It brought tragic news: Just hours earlier, on a desolate stretch of highway in northern Minnesota, Daly's granddaughter, Ashley, had slashed her wrist with a piece of glass and thrown herself in front of a speeding car.
It was the seventh suicide attempt since Ashley, who has bipolar disorder and a cognitive impairment, was sent to live in a group home three hours away, on the wooded outskirts of Hermantown, Minn.
"Ashley feels lost and abandoned," said Daly, who settled on the facility only after several others closer to the Twin Cities turned them down. "She has no place to call home in this world and this is her way of crying out for help."
Each year, hundreds of Minnesotans with developmental disabilities and mental illnesses are uprooted from their families and sent to live in secluded group homes in remote parts of the state. Cut off from the communities they know, housed with strangers, they often fall deeper into anger and despair. Many, like Ashley, see violence and self-injury as their only means of escape.

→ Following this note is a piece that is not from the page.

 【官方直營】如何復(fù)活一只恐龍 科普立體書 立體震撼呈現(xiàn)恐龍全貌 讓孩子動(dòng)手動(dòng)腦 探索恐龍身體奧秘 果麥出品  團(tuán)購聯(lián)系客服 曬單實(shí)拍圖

Minnesota's far-flung network of group homes is another sign of how it has fallen behind other states in the movement to integrate people with disabilities into mainstream life. Though designed as safe havens for people too vulnerable to care for themselves, group homes now leave thousands of adults isolated and vulnerable to neglect and abuse.
A Star Tribune review of hundreds of public documents has found:
• Minnesota relies more than any other state on group homes to house adults with disabilities, spending $1 billion annually for about 19,000 people in more than 4,500 facilities.
• While many group homes are safe and orderly, others are understaffed and chaotic. Each year, state regulators receive more than 700 reports of abuse, neglect, exploitation and serious injury at Minnesota group homes. In 2013, a federal judge became so alarmed at conditions facing group home residents that he appointed a special monitor to review their care.